The U.S. housing market has garnered attention recently but for the wrong reason amid numerous signs of some weakening. Parts of the housing market have likely peaked while others haven’t, including new-home sales and construction, which pack the biggest GDP and employment punch.
Source: Mortgage News Daily.
Before assessing where housing is headed, it’s important to identify the possible culprits in the recent weakness in sales and construction. Common theories being tossed around blame the tax legislation that reduced the incentive to be a homeowner by increasing the standard deduction, lowering the deduction for a new mortgage, and capping the deductible amount of state and local taxes (which include property taxes) at $10,000 per year. More time is needed to assess the law’s impact on housing, since evidence is lacking. Sales of higher-priced homes, which would be most vulnerable, have been climbing. The tax legislation’s drag on housing will likely play out by reducing home sales and pushing some households to rent instead of buy, potentially putting upward pressure on rents.
We believe that affordability issues, mainly mortgage rates, are a more credible reason for housing’s recent slump. Affordability is a function of house prices, mortgage rates and income. Earlier this year, we noted that there was evidence that the housing market’s sensitivity to mortgage rates is increasing. The recent weakness in housing is consistent with this, since past increases in mortgage rates have been sufficient enough to be a drag.
To assess the impact, we ran through our U.S. macro model a scenario of a permanent increase in mortgage rates of 1 percentage point in the first quarter. That would be roughly the average of the gain during the taper tantrum and following the presidential election. The results show that the hit to residential investment is noticeable over the course of the subsequent year; real residential investment would be 7% lower than the baseline —enough to shave 0.1 to 0.2 percentage point off GDP growth for the year.
So far, mortgage rates have risen by 60 basis points this year, so the hit is smaller than our exercise, but it supports our view that higher interest rates are hurting housing.

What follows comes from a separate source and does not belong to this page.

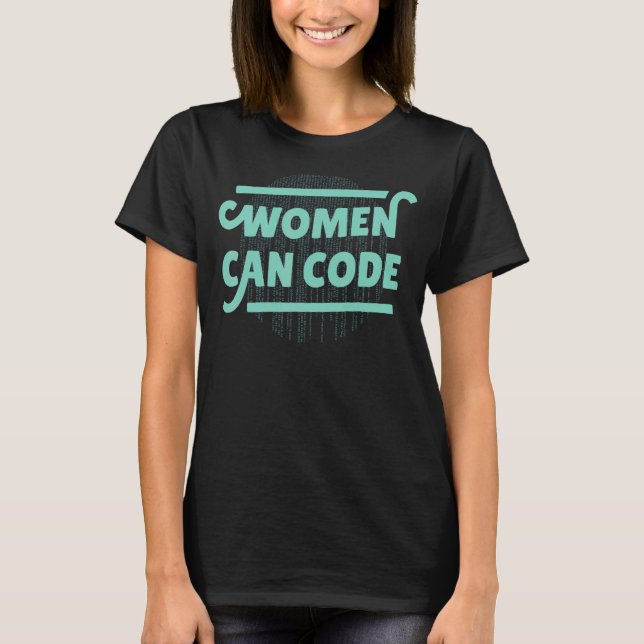 Women Can Code Female Programmer Coding It Enginee T-Shirt (Front)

Though there are headwinds, new-home sales and construction haven’t peaked, as fundamentals remain supportive. To estimate the underlying demand for new housing units, we broke it up into its main components, the trend in household formations, demand for second homes, and scrappage or obsolescence. The biggest source of demand is household formations, which have been running around 1.3 million per annum recently and this should continue over the next couple of years.
Demand for second homes tends to grow with the total number of housing units. We estimate that demand is running around 200,000 per annum. Housing units are scrapped from the housing stock each year because of demolition, disaster and disrepair. We estimate scrappage at 200,000 per year.
Even though underlying demand for new housing units is 1.7 million, housing starts should exceed that. Each year some housing units are started but never completed; assuming this is 1% of total housing starts—likely conservative—that would be an additional 17,000 starts. Underlying demand is about 25% below housing starts in the first half of this year. To close this gap over the next two years, would require homebuilding to rise 15% per annum. However, given the constraints facing builders this is unlikely. Alternatively, closing the gap in four years would require approximately an 8% gain per annum. Therefore, residential investment won’t be booming but it will be respectable.